Your output must be the lines below from the line containing "灵科超声波工厂车间机器展示" to the line containing "Carhartt Traditional Padded", both lines included, reproduced exactly and without pictures.

» **DATA FOR REVIEW**:
========================================
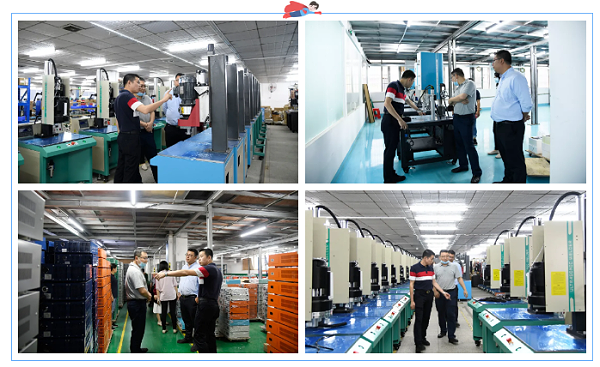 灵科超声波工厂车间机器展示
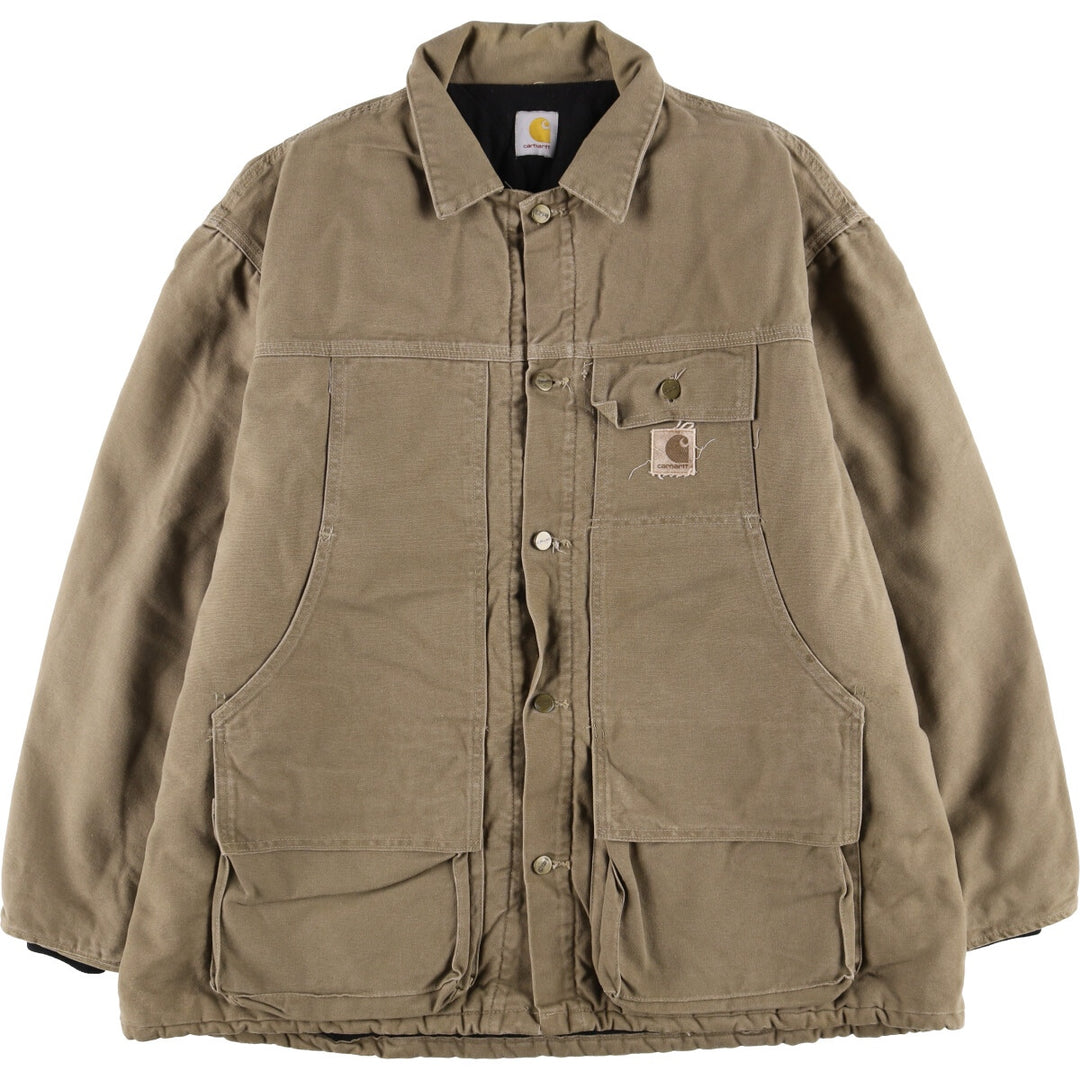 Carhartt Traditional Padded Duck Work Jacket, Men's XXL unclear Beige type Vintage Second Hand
========================================
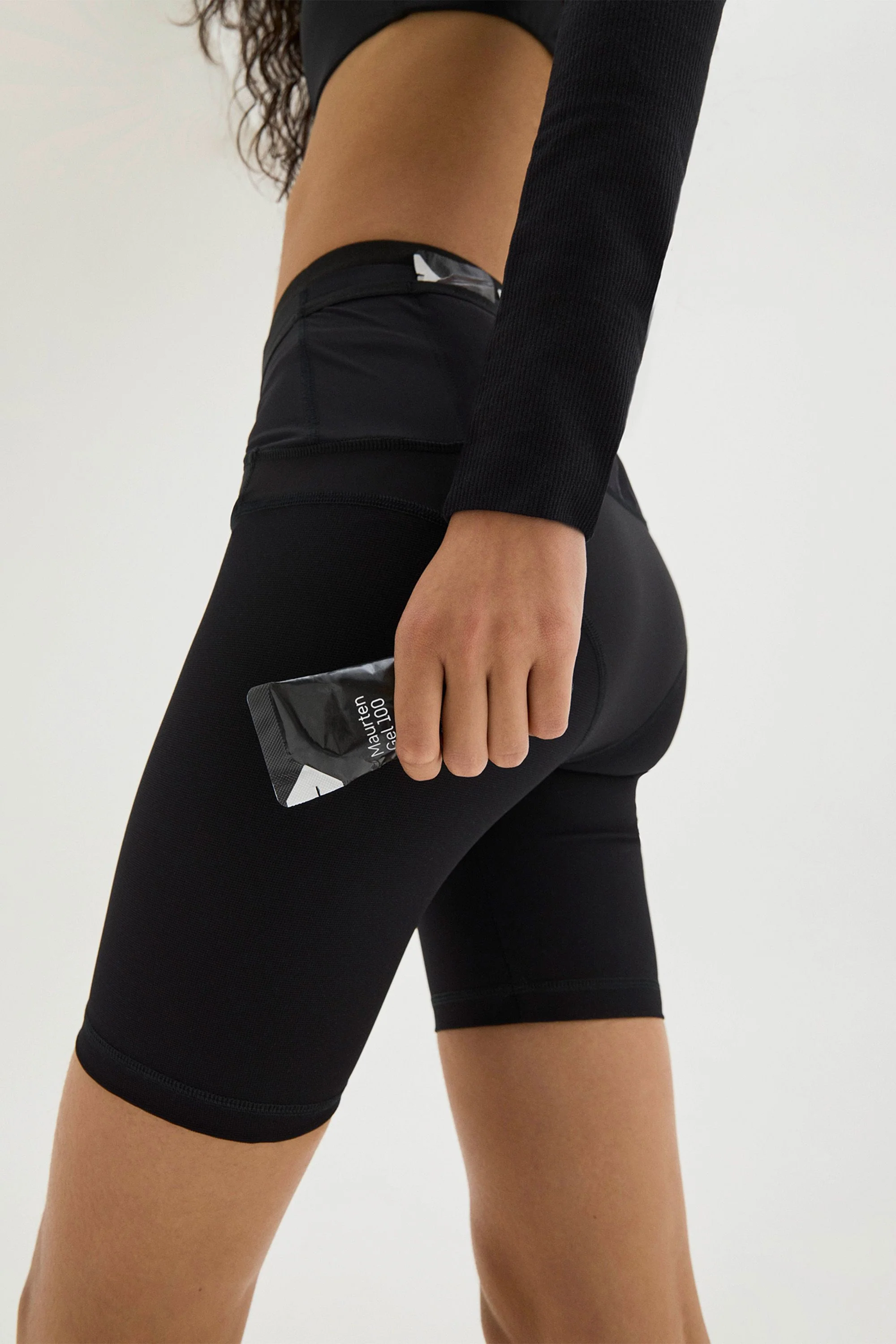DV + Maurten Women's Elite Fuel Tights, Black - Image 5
========================================
» **RESULT**:
 灵科超声波工厂车间机器展示
 Carhartt Traditional Padded Duck Work Jacket, Men's XXL unclear Beige type Vintage Second Hand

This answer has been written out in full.